What investors need to know about the US-China trade accord

Weekly Market Compass: Seven key takeaways about the newly announced agreement

On Oct. 11, US President Donald Trump announced that the US and China have agreed in principle to what is being characterized as the first phase of a trade accord. Here are seven key takeaways about the agreement:

1. China has not yet called this a ‘deal’

It is unclear whether or not both countries believe a deal has been reached. The United States announced it has agreed to halt the planned Oct. 15 increase in tariffs on $250 billion in Chinese imports from 25% to 30%.1 It announced that, in return, China agreed to purchase between $40 billion and $50 billion in US agricultural products.1 The Chinese local media has sounded more cautious and has characterized the actions over the weekend as “progress” being made. The word “deal” has not been used in media reports. And it was reported Oct. 14 that China would like to have another round of talks before inking this agreement. All of this suggests China may have a very different perspective on where trade negotiations currently stand.

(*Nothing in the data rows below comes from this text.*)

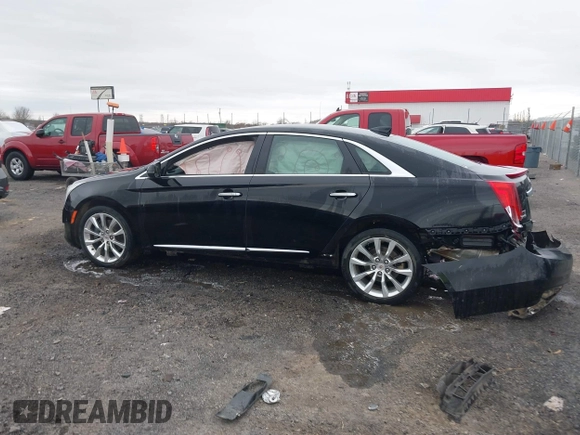 2015 Cadillac XTS Luxury with VIN 2G61M5S38F9138545, listed as a IAAI auction lot 41690696 with 136,460 mi miles and . Bid and sale history available at DreamBid. Image 14.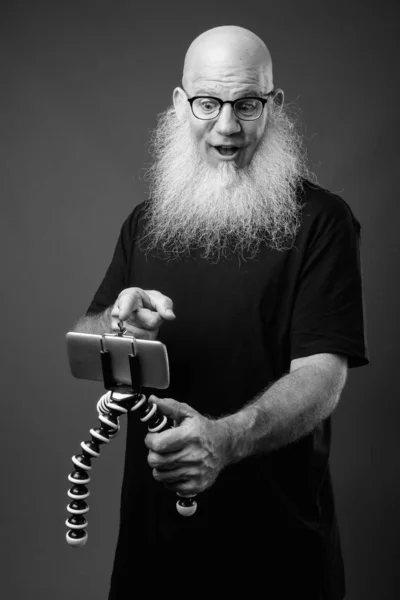 Mature bald man with long beard vlogging with phone — Stock Photo, Image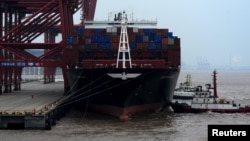 A cargo ship is anchored at a port in Zhoushan, Zhejiang province, Feb. 14, 2016. China's exports fell 11.2 percent in January from a year earlier and imports tumbled 18.8 percent.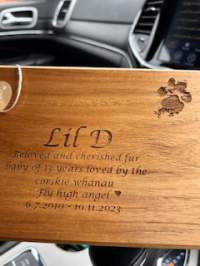 Engraving with actual paw print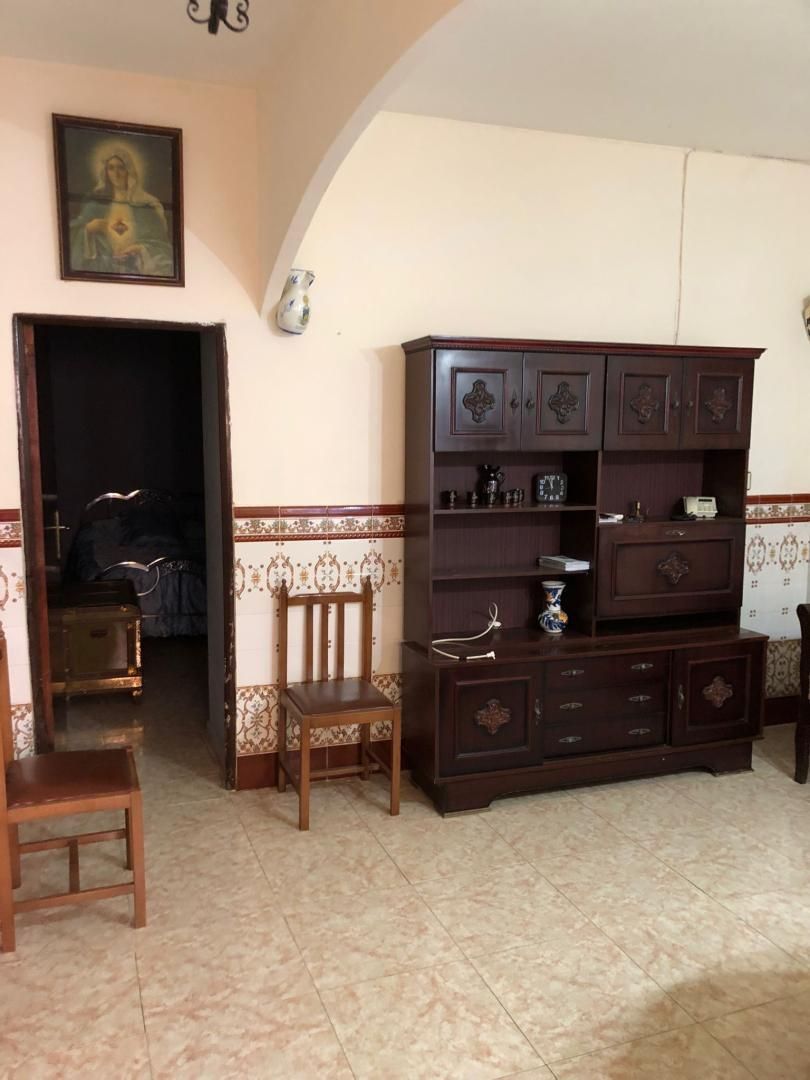 Sala d'estar de Casa o xalet en venda en Madroñera amb Jardí privat, Terrassa i Moblat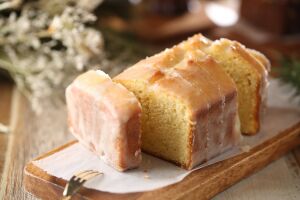 Вкусное лакомство: пирог с бисквитом, покрытый лимонным сиропом и украшенный кокосом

2. More complicated issues await

Trump has characterized the agreement as “Phase 1” out of two or possibly three phases. He remarked that progress was made on more complex issues such as forced technology transfer and intellectual property — although it appears that these issues and the enforcement mechanism are expected to be dealt with in later phases. Future tariff increases would be predicated on how negotiations pan out in Phase 2.

I expect the negotiations in Phase 2 to be more challenging and complicated than the issues addressed in Phase 1, and I don’t expect an easy outcome anytime soon — which means the threat of looming future tariffs remains around the corner.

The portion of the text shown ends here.